■ What is expected:
Transcribe the data below verbatim from the line with "Чехол для iPhone" to the line with "Alabama National Guard". Include both of those lines.

■ Records for the task:
====

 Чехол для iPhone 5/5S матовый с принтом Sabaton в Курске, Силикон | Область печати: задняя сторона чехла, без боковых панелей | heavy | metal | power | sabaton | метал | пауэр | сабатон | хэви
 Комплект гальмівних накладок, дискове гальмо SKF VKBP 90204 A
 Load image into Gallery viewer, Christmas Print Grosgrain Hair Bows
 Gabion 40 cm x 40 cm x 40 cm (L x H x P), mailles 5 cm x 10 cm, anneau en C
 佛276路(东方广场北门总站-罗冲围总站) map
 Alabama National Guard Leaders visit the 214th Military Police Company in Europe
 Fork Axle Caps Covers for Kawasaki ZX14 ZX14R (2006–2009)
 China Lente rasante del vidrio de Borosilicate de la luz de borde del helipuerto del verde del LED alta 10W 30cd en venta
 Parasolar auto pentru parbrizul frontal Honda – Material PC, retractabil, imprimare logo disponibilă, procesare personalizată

====

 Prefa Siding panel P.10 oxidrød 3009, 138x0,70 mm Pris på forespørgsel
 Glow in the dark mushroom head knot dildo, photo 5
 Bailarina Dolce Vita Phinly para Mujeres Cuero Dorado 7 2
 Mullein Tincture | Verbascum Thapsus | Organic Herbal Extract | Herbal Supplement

====

■ Written response:
 Чехол для iPhone 5/5S матовый с принтом Sabaton в Курске, Силикон | Область печати: задняя сторона чехла, без боковых панелей | heavy | metal | power | sabaton | метал | пауэр | сабатон | хэви
 Комплект гальмівних накладок, дискове гальмо SKF VKBP 90204 A
 Load image into Gallery viewer, Christmas Print Grosgrain Hair Bows
 Gabion 40 cm x 40 cm x 40 cm (L x H x P), mailles 5 cm x 10 cm, anneau en C
 佛276路(东方广场北门总站-罗冲围总站) map
 Alabama National Guard Leaders visit the 214th Military Police Company in Europe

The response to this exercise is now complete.